• [Work to be completed]
Emit only the lines from the line containing "Zenubia Schmuck AG" through the last line of the entries, unchanged.

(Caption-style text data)
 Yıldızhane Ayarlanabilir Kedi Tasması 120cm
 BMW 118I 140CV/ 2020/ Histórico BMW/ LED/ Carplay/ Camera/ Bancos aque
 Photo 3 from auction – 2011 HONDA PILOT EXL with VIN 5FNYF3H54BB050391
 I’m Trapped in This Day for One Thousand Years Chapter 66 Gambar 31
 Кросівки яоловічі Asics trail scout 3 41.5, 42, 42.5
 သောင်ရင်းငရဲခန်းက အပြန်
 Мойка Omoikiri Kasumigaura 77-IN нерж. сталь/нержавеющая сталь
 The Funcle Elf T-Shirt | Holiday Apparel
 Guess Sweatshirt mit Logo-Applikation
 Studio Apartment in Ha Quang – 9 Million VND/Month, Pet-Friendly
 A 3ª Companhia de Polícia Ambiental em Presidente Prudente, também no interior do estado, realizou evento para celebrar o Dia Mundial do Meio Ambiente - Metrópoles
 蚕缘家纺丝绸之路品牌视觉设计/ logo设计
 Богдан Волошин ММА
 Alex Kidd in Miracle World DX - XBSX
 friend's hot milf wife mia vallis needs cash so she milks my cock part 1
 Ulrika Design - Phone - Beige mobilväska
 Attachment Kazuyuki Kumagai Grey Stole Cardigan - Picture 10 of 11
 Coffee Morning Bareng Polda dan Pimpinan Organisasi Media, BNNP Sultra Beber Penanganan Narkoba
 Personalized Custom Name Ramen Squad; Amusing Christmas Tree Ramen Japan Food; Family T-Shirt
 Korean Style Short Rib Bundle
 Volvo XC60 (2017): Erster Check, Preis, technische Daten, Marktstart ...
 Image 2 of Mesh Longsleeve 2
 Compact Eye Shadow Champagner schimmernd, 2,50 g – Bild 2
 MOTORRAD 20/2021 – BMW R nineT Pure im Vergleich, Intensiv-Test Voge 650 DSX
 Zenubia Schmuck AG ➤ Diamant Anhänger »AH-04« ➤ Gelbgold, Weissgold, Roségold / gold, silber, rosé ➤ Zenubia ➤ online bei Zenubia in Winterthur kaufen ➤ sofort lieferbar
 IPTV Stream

• [Response to this task]
 Zenubia Schmuck AG ➤ Diamant Anhänger »AH-04« ➤ Gelbgold, Weissgold, Roségold / gold, silber, rosé ➤ Zenubia ➤ online bei Zenubia in Winterthur kaufen ➤ sofort lieferbar
 IPTV Stream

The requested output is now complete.